In 1972, Klim Churyumov defended his thesis on the results of observations of comets that appeared in the previous decade. At this time he was actively involved in the issuing of a unique paper in the USSR — Comet Circular. It contained information about the latest discoveries of “tailed stars”, current estimates of brightness, announcements of scientific articles on comet topics. This journal lasted until almost the end of the twentieth century and was an invaluable source of information for Soviet scholars who had limited access to foreign periodicals at those times.
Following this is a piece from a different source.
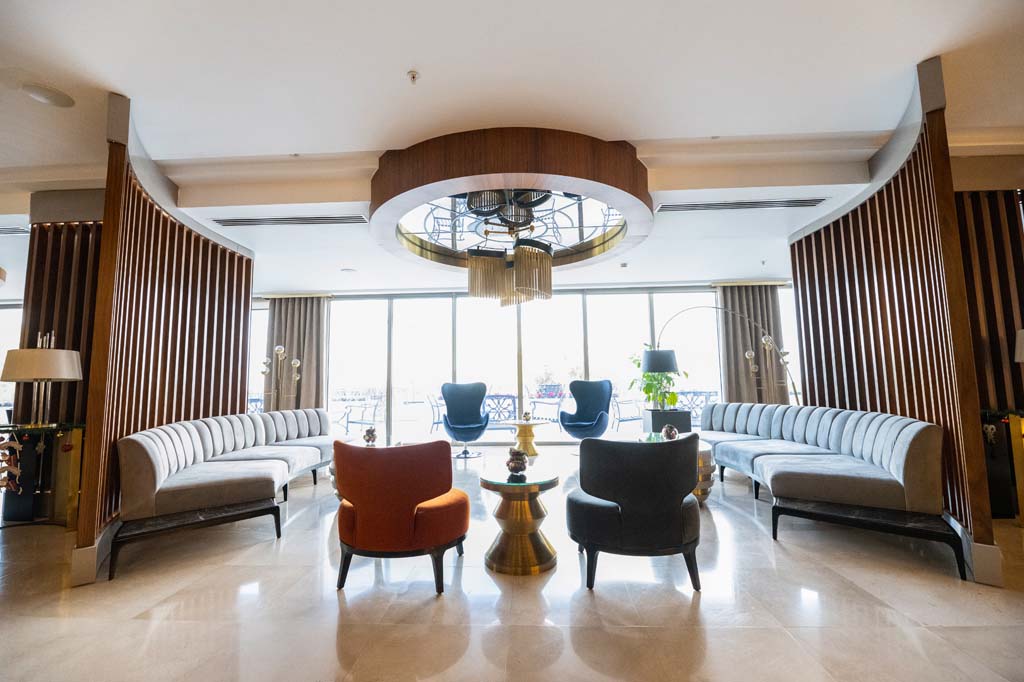 CHAMADA PRESTIGE HOTEL & CASINO & SPA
The years from 1982 to 1987 were marked by Halley’s Comet, which once again returned to the Sun. No wonder that Klim Ivanovich took an active part in its observations, as well as in the coordination of international research within the International Halley Watch projects and corresponding Soviet programs. But he does not stop his own efforts to discover the “tailed stars”. They culminated in the discovery in May 1986 of the long-period comet Churyumov-Solodovnikov.
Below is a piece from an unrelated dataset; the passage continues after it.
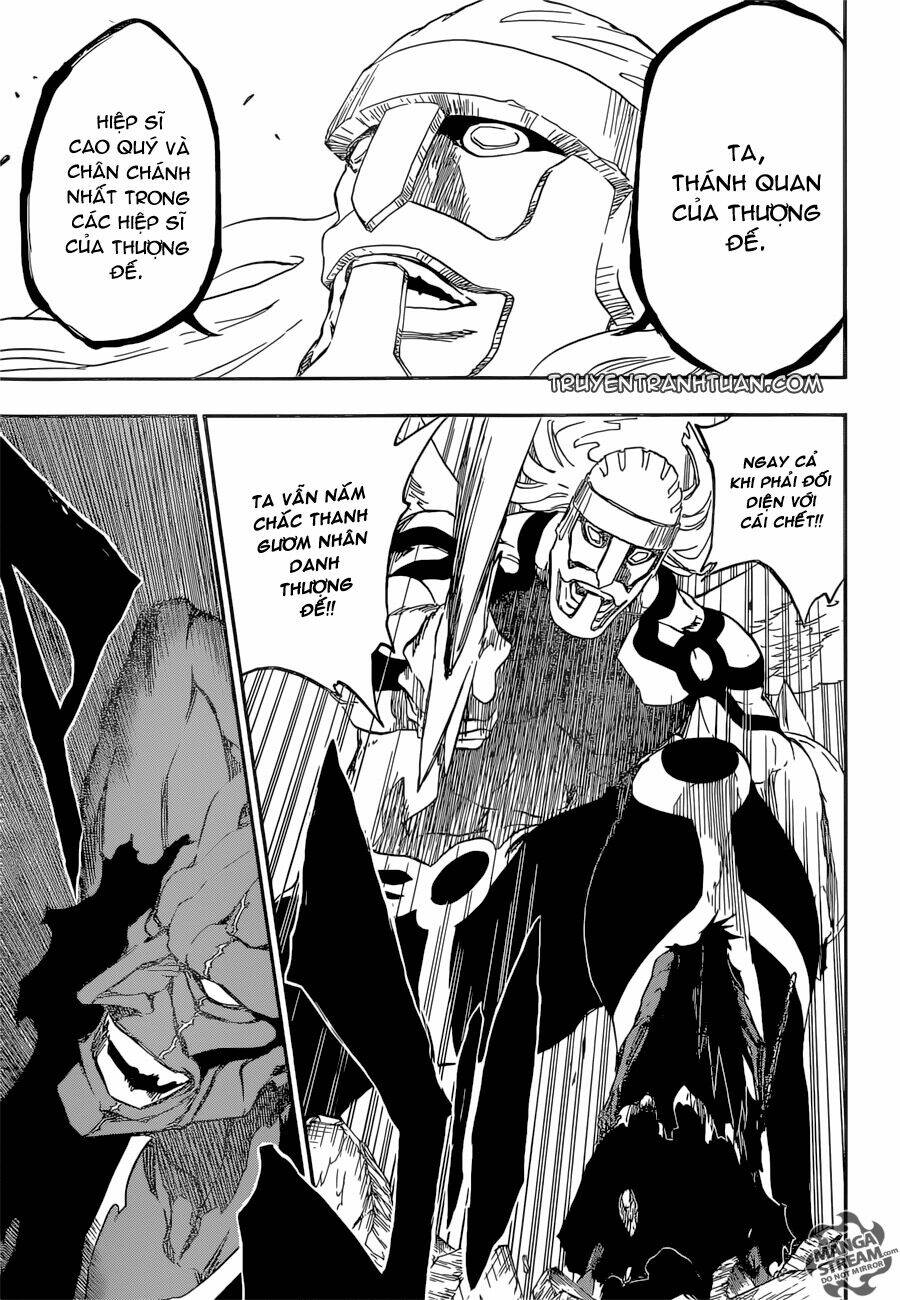 thần chết ichigo chapter 670 12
The image, on which Churyumov-Solodovnikov comet was discovered (bottom right)

In 1988, the scientist studied the astrometry of the Mars’ satellites Phobos and Deimos as a part of the Soviet space project “Phobos” (which, unfortunately, failed). In 1991, he participated in the first congress on asteroid impact avoidance in the United States. After Ukraine gained independence, opportunities for scientific contacts and travel have significantly expanded, Klim Ivanovich regularly participates in the General Assemblies of the International Astronomical Union, numerous symposia and conferences.In 1998, Klim Ivanovich Churyumov was appointed professor at the University of Kyiv. He conducts active scientific and educational activities, under his leadership 11 Doctor theses were written and defended. And in 2002 the European Space Agency made a decision to send Rosetta spacecraft to the Churyumov-Gerasimenko comet. For the second time in history, an automatic probe went to the celestial body during the lifetime of its discoverers.

Klim Churyumov at a conference at the European Space Agency next to the model of the nucleus of the Churyumov-Gerasimenko comet.

These achievements alone would be enough to save the scientist’s name forever in human history. But, in addition to them, he made a huge contribution to astronomy — he wrote more than 800 scientific articles, authored and co-authored almost 40 books, reference books and manuals. He inspired and supported amateur astronomers in many ways, providing them a “ticket to science”. Churyumov’s contribution to the popularization of science includes hundreds of articles in the world press, in which he not only talked about comets and the Rosetta mission, but also reflected on the fate of mankind, asteroid threat and other global problems. From 2002 until his death, he also worked in the astronomical magazine “Nashe Nebo” (“Our Sky”).

Memorial plaque on the building of the Kyiv Planetarium

Apparently, in a sense, it is symbolic that the scientist’s life came to an end two weeks after the spacecraft that studied the Churyumov-Gerasimenko comet fell on its nucleus and lost contact with the ground control center forever. They both honorably fulfilled and even exceeded their mission.